The pendulum will swing in another direction at some point, as it always has.

However, in the past the rules of the game were not so absolute in engineering terms as today.

Teams were able to develop new ideas and new systems to gain advantage far more economically and with far more latitude than is possible in this present era.

With the exception of power units, it is difficult to see where the next single team innovation in design is coming from as the restrictive rules around the chassis design leave very fine parameters for invention, much less revolution.

The legendary single engineer / designing leaders of the past, Colin Chapman, John Barnard, Rory Byrne, Patrick Head and the like are now swallowed up in huge design ‘departments’ and it seems that Adrian Newey of the Red Bull team may be one of the last of the breed.
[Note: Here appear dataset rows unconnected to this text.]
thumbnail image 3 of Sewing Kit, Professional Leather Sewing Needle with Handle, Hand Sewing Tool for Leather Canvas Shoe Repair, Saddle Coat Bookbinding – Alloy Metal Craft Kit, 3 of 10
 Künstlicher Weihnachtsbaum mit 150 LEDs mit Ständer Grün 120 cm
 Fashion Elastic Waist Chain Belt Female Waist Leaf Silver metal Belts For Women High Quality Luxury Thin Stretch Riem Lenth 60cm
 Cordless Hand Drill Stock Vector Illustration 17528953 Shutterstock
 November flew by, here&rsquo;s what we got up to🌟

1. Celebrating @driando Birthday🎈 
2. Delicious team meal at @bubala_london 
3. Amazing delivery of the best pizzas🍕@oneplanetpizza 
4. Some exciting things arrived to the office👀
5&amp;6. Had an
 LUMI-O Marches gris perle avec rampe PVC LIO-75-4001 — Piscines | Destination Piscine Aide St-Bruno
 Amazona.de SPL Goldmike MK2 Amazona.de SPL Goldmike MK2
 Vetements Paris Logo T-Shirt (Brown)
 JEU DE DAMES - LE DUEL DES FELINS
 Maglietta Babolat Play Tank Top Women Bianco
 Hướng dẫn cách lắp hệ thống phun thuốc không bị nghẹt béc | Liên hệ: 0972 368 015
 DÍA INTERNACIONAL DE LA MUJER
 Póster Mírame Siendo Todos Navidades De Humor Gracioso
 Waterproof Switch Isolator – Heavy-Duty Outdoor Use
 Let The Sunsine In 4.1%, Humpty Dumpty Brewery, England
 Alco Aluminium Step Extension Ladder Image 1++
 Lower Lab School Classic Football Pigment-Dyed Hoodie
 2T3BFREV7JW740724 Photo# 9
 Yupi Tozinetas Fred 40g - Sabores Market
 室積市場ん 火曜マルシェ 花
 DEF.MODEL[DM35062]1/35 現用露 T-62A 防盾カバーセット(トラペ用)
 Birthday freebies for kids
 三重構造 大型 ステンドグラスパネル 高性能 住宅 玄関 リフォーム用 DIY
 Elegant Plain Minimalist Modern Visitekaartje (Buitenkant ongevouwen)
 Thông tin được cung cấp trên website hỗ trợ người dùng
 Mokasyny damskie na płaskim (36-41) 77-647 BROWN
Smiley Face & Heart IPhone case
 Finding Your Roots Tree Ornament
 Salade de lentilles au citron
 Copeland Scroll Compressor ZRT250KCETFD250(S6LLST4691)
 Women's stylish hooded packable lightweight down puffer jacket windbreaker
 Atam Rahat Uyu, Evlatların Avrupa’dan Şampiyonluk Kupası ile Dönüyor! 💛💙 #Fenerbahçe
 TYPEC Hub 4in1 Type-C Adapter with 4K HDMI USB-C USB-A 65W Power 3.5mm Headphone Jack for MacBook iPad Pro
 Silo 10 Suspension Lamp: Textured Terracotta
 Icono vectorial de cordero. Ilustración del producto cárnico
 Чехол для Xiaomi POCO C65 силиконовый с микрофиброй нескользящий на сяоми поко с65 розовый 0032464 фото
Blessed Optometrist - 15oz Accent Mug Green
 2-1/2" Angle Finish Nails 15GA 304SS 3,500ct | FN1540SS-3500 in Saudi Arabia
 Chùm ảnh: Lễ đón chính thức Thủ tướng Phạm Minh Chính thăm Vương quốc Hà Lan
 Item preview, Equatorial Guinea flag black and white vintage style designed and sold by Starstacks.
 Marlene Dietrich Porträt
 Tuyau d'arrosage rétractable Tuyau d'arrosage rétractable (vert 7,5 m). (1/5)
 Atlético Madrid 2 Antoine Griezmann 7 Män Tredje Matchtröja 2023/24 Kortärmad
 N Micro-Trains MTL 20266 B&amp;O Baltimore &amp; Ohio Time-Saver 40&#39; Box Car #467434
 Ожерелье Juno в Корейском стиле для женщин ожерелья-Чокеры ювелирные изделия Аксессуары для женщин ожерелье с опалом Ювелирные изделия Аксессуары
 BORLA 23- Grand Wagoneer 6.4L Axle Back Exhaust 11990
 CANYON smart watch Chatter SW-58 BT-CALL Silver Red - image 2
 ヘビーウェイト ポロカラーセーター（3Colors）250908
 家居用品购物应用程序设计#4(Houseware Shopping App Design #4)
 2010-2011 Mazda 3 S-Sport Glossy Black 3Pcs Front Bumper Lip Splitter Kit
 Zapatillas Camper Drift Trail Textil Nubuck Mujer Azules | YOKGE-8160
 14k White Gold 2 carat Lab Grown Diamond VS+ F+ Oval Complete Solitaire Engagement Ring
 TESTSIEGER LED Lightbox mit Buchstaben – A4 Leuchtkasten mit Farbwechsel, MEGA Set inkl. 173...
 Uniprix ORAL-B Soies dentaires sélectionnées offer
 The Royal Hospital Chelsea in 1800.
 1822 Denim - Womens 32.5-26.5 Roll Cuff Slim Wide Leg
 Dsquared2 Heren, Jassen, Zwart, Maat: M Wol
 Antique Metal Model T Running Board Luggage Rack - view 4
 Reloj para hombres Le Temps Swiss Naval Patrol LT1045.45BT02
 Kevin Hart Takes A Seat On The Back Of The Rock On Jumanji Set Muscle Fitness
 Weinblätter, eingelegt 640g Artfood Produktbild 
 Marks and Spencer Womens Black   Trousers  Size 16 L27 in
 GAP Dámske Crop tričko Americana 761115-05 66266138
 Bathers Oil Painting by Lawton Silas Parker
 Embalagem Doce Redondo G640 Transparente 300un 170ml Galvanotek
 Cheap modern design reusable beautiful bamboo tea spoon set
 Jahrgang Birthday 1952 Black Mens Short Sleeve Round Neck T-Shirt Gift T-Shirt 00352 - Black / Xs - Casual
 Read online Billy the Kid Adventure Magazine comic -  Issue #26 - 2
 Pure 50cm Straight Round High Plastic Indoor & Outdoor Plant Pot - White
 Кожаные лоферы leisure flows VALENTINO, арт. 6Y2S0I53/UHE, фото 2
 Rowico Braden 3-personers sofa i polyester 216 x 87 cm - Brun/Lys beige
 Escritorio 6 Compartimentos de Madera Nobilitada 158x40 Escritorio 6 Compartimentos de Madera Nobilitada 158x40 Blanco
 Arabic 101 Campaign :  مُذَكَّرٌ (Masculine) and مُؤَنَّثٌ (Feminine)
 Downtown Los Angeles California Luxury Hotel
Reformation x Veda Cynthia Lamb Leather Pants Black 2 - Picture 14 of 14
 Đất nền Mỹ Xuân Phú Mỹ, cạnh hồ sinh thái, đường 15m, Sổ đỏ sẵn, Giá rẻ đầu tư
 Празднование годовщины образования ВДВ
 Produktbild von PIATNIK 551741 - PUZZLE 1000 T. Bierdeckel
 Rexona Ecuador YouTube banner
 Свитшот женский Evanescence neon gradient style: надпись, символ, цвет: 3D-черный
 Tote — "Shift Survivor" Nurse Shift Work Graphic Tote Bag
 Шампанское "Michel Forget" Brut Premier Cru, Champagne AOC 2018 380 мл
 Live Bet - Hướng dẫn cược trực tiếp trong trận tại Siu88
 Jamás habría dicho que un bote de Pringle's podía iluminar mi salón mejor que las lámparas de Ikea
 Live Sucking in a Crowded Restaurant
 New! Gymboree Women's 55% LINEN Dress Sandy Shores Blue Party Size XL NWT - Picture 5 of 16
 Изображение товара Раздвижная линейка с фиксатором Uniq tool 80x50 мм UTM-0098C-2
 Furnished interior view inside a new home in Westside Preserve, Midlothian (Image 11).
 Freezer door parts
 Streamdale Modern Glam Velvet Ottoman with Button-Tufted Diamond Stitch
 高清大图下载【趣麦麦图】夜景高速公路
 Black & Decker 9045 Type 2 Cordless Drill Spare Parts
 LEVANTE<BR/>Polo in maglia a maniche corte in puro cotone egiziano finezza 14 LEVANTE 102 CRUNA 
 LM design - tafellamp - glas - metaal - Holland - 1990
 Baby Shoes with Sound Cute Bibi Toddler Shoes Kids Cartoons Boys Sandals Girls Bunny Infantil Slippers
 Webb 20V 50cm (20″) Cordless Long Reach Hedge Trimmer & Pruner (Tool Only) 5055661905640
At some point - hopefully in the near future - the rules and regulations for the coming years will be published, giving a chance that they will allow different interpretations of design.

Sadly though I fear they will not be wide enough to allow another Brabham ‘fan car’ or six wheel Tyrrell or even the likes of the three pedal McLaren.

Those sorts of innovations have gone the way of Formula 1 driver’s freedom from ‘PR Speak’.